Ruman Shana

Personal information
- Full name: Mohammad Ruman Shana
- Nickname: M.R. Shana
- Nationality: Bangladeshi
- Born: 8 June 1995 (age 31) Koyra Upazila, Khulna, Bangladesh
- Spouse: Diya Siddique ​(m. 2023)​

Sport
- Country: Bangladesh
- Sport: Archery
- Event: Recurve
- Coached by: Martin Frederick

Achievements and titles
- Highest world ranking: 10 (16 September 2019)

Medal record
Men's archery
Representing Bangladesh
| Event | 1st | 2nd | 3rd |
| World Championships | 0 | 0 | 1 |
| World Cup | 0 | 1 | 0 |
| Asian Championships | 0 | 0 | 1 |
| Islamic Solidarity Games | 0 | 0 | 1 |
| Asia Cup | 1 | 1 | 1 |
| South Asian Games | 3 | 0 | 0 |
| Total | 4 | 2 | 4 |
World Championships
| Bronze medal – third place | 2019 's-Hertogenbosch | Individual recurve |
World Cup
| Silver medal – second place | 2021 Lausanne | Mixed team recurve |
Asian Championships
| Bronze medal – third place | 2021 Dhaka | Team recurve |
Islamic Solidarity Games
| Bronze medal – third place | 2021 Konya | Team recurve |
Asia Cup
| Gold medal – first place | 2019 Clark City | Individual recurve |
| Silver medal – second place | 2019 Clark City | Team recurve |
| Bronze medal – third place | 2019 Clark City | Mixed team recurve |
South Asian Games
| Gold medal – first place | 2019 Pokhara | Individual recurve |
| Gold medal – first place | 2019 Pokhara | Team recurve |
| Gold medal – first place | 2019 Pokhara | Mixed team recurve |

= Ruman Shana =

Bangladeshi archer (born 1995)

Mohammad Ruman Shana (রোমান সানা; born 8 June 1995) is a Bangladeshi archer. He won the bronze medal in recurve single's event of 2019 World Archery Championships and became the first Bangladeshi archer in history to win a medal in the competition. Shana won gold medal at the 2019 Asia Cup in the Philippines.

== Early life ==
Shana was born to the family of Abdul Gafur Shana and Beauty Begom and spent his childhood at Koyra village in Khulna. He used to play with arrow-bow made by bamboo during his school days. He was not much attentive to his school, instead, he used to remain busy playing football. However, he later opted to try his hand in archery when he was a student of class eight.

He lived in Khulna.

== Career ==
Shana won the gold medal in the First Asian Grand Prix 2014 in Bangkok, Thailand. He won another gold medal in the International Archery Tournament 2017, Bishkek, Kyrgyzstan.
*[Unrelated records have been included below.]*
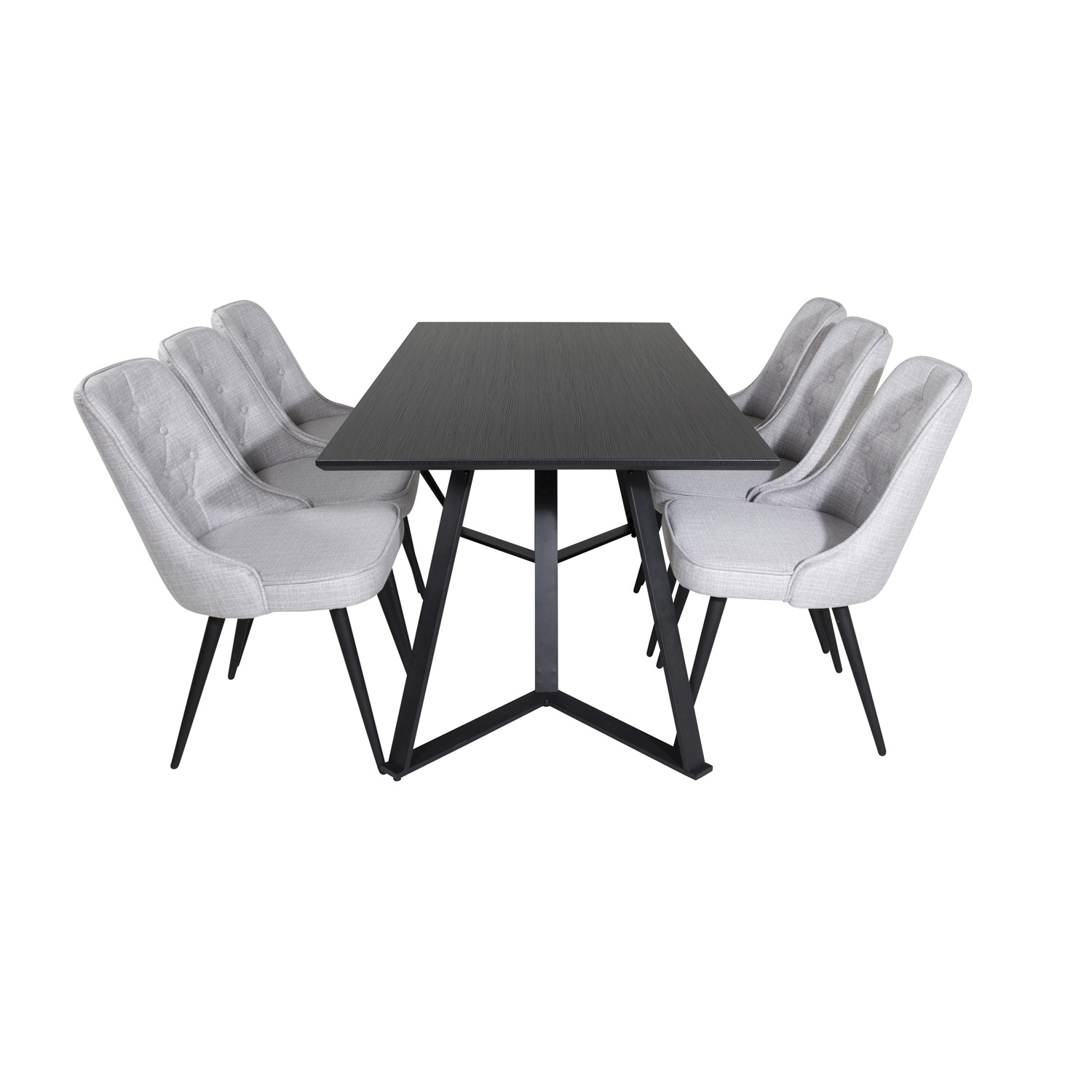 Venture Design Marina Spisebordssæt       Stole Sort Finer Sort Metal Og Lysegrå Stof Sort Metal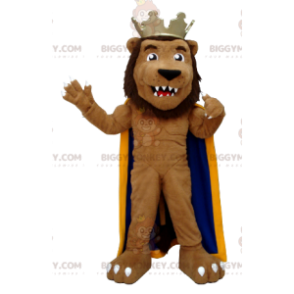 Lion BIGGYMONKEY™ Maskotdräkt klädd som en kung - BiggyMonkey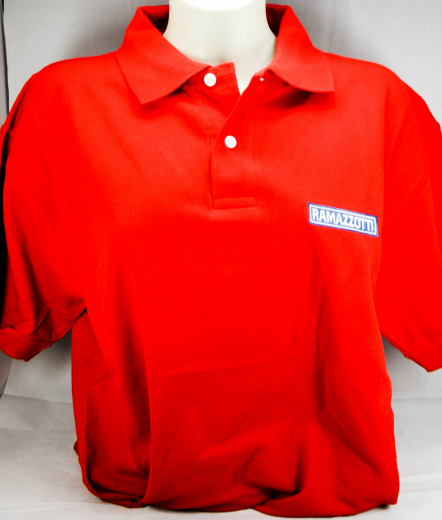 Ramazzotti Likör Polo Shirt Mann, rot, Gr.M, roter Kragen, Knöpfe weiß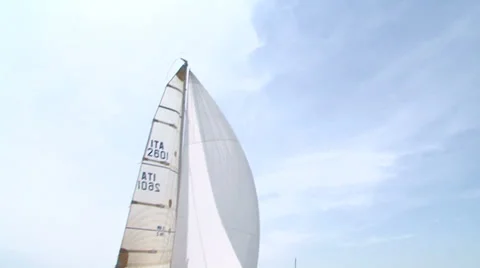 Sailing boat navigating Stock Footage 36971456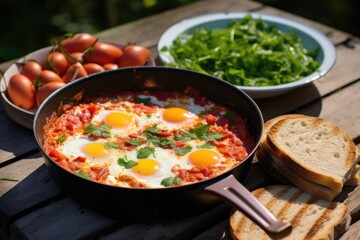 shakshuka drizzled with cream on a picnic bench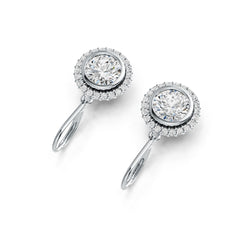 Sterling Silver Semi Mount Earrings Setting Round RD 8x8mm Halo DHJ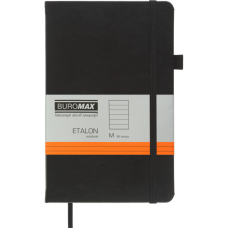 Книга записна Buromax Etalon 125x195 мм 96 аркушів в лінію обкладинка зі штучної шкіри Чорна (BM.291260-01)
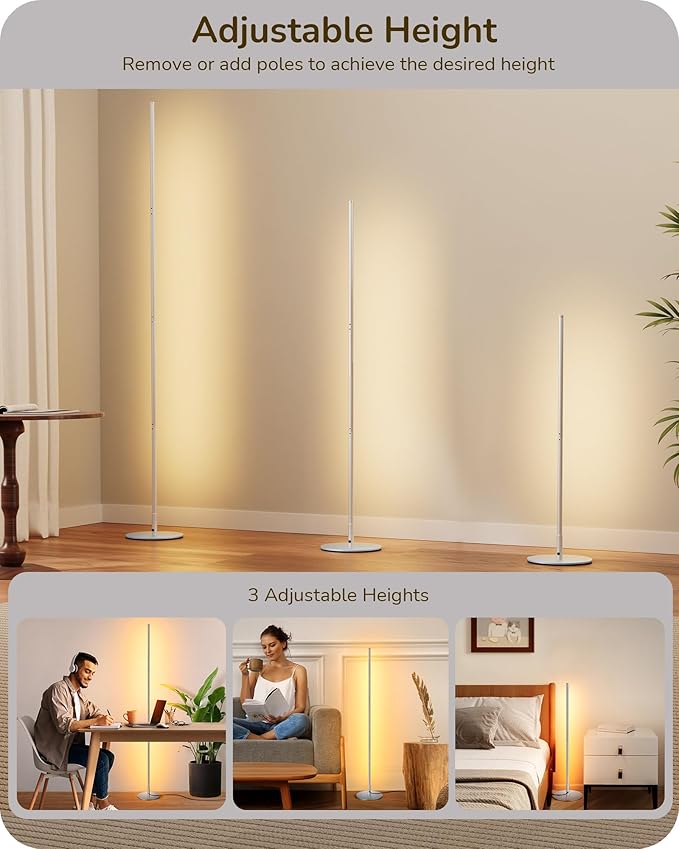 EDISHINE Modern Floor Lamp, 2-Pack Adjustable Height Led Corner Lamps, Dimmable with 7 Color Temperatures (2700K-6000K), 57.5" Height Floor Lamps for Living Room, Bedroom, Office, Silver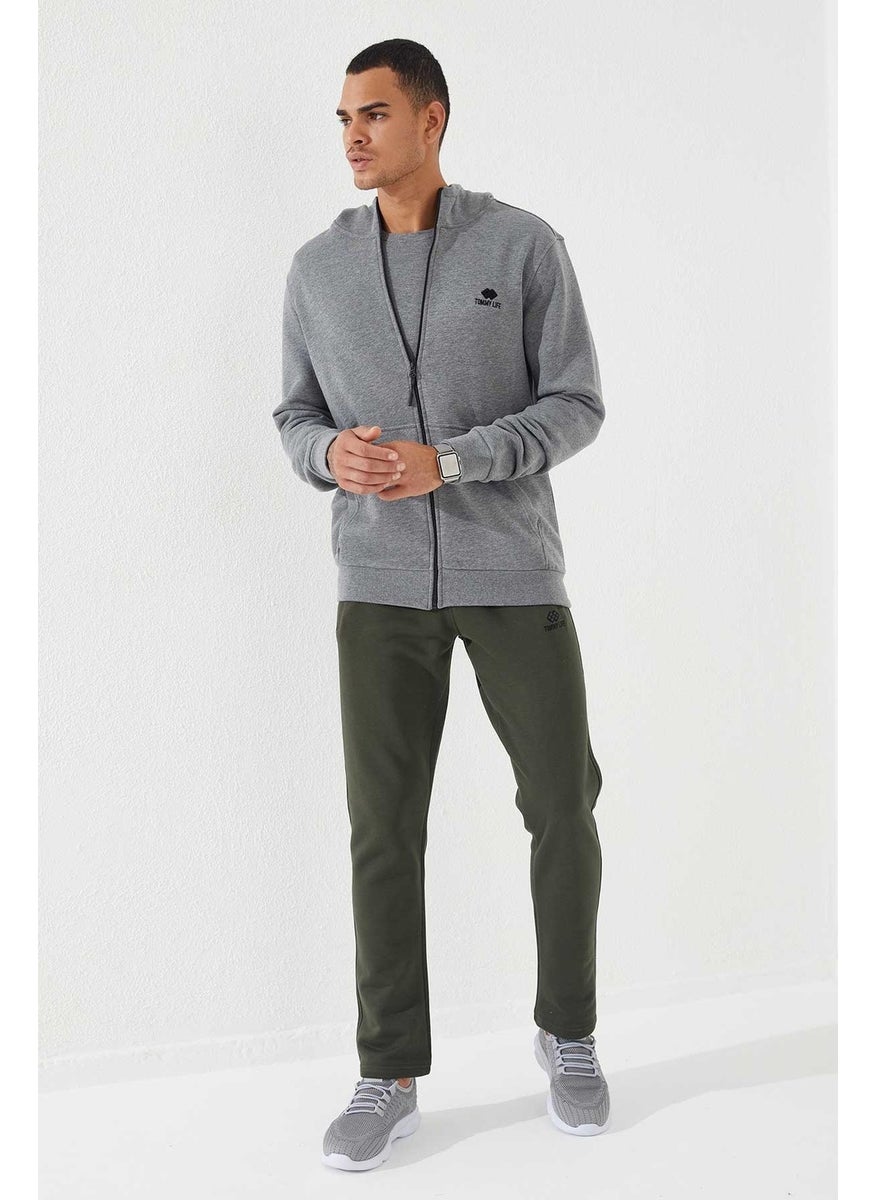 Gray Melange Men's Zippered Standard Pattern Hooded Sweatshirt-87877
In 2019, he won three international medal with first one- a silver medal- came in the ISSF International Solidarity Archery Championships. After that, he won a bronze in the 2019 World Archery Championships, and later, Roman won a gold medal in the Asia Cup ranking tournament.

In 2021, he along with Diya Siddique claimed silver medal in the recurve mixed team event during the 2021 Archery World Cup where Bangladesh emerged as runners-up to Netherlands in the final. Despite losing the final 5–1, it was the best performance by Bangladesh at an Archery World Championship. It also marked the first instance whereas Bangladesh managed to reach final in an event of Archery World Cup.
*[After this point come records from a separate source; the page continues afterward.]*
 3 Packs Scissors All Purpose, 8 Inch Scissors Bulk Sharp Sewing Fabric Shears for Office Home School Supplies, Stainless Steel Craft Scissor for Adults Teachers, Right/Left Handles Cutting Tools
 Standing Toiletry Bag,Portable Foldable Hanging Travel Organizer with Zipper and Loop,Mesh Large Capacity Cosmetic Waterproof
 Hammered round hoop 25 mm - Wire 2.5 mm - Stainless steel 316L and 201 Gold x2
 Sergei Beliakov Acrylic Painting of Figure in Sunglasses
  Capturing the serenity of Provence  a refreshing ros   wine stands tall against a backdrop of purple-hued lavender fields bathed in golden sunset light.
Shana has left Bangladesh and has settled in USA after taking retirement at 28 due to a clash with the coach and the federation.

==Recognition==
In 2021, World Archery named him the 2019 Breakthrough Athlete of the Year. Shana has also won gold in the men's singles recurve category at the 2019 Asia Cup in the Philippines.